Wirklich glücklich ist Lars Weissgerber mit dem Saisonstart seiner Mannschaft nicht. Der 27-jährige Leistungsträger von Handball-Drittligist HG Saarlouis hatte insgeheim gehofft, das Team hätte so manche Schwachstelle der Vorsaison im Griff. Doch sowohl beim Saisonstart in Haßloch (34:27-Sieg) als auch beim ersten „Heimspiel“ der Saison in der Hermann-Neuberger-Halle in Völklingen gegen den TV Gelnhausen (34:36-Niederlage) lief noch nicht alles rund. „Es war natürlich nicht optimal, dass wir nicht in unserer Halle trainieren konnten.

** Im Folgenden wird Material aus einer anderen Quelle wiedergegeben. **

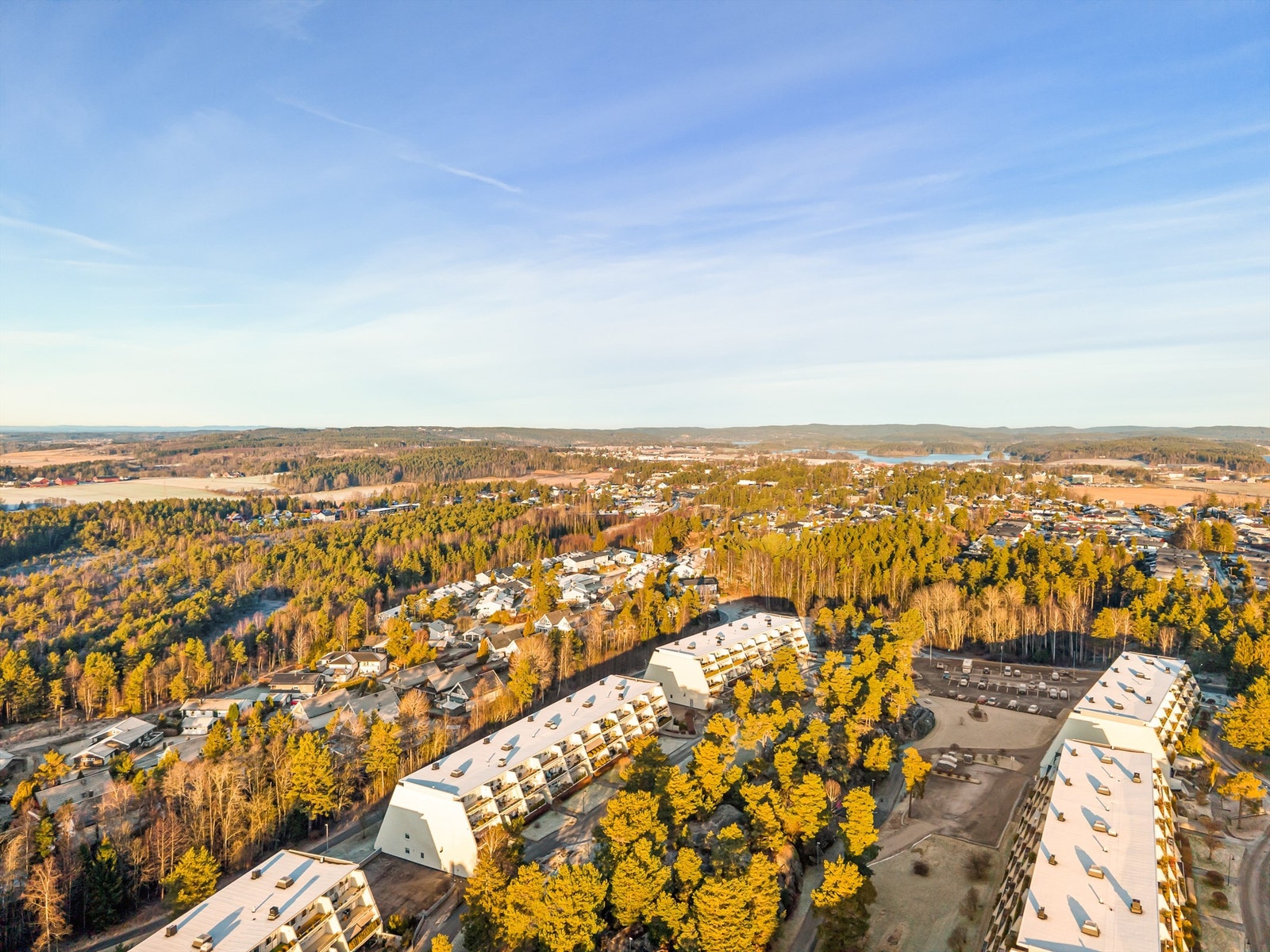 For besøkende er det gode parkeringsmuligheter rett i nærheten av blokken. Rett utenfor finnes både lekeapparater og stor tumleplass. Galleribilde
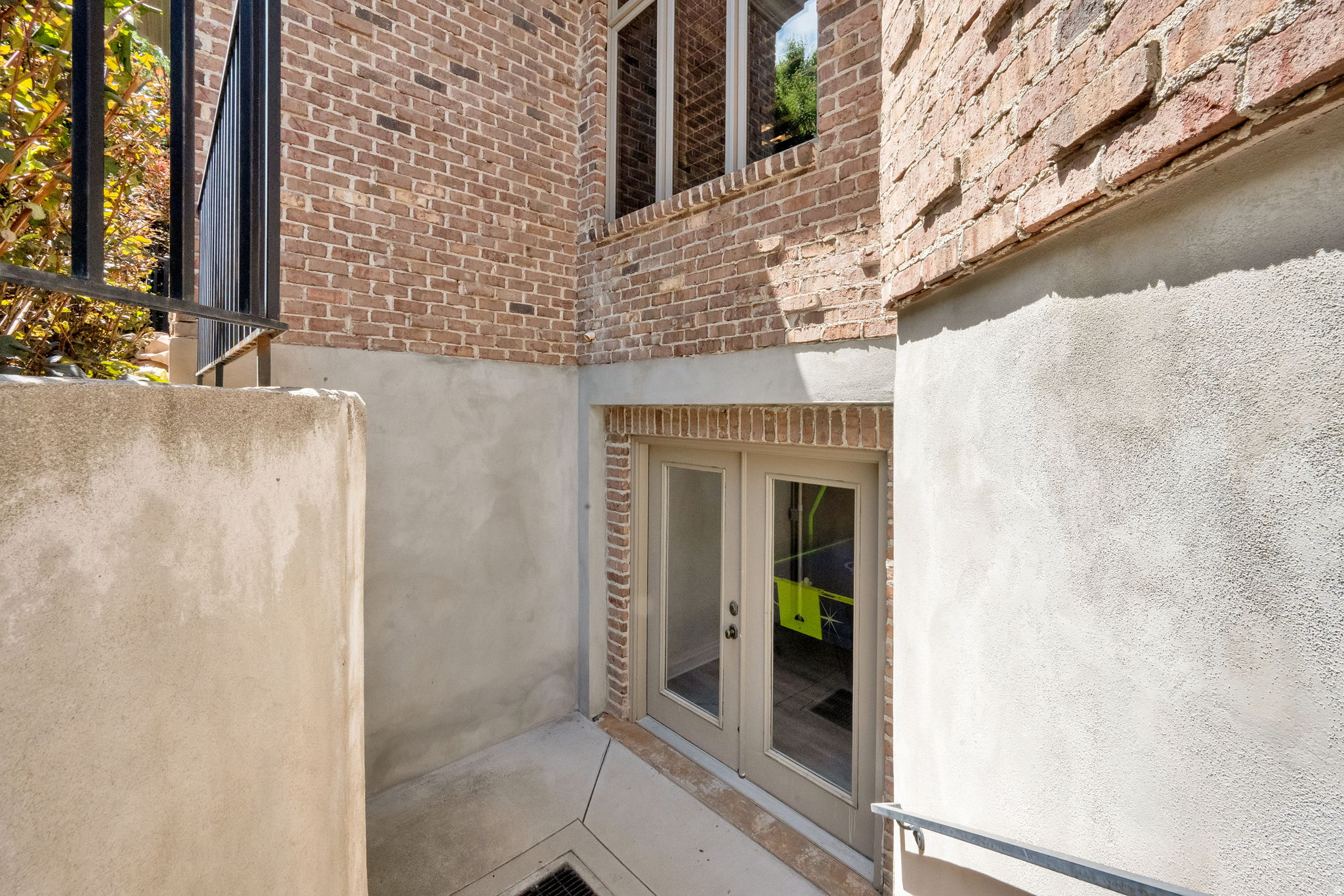 WOODS - Residential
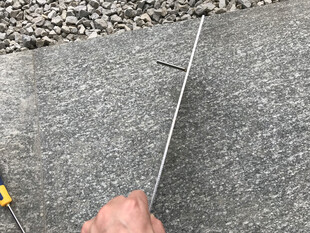 手持工具测量石材表面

Hier haben wir unsere eigene Kabine, jeder hat seinen festen Platz“, sagt der Torschützenkönig der vergangenen Saison (249 Treffer). Aufgrund von Renovierungsarbeiten war die heimische Stadtgartenhalle bis in den September hinein gesperrt: „So sind wir mehrmals umgezogen und haben immer woanders trainiert. Das war schon anders, aber darf natürlich keine Ausrede sein“, stellt Weissgerber klar.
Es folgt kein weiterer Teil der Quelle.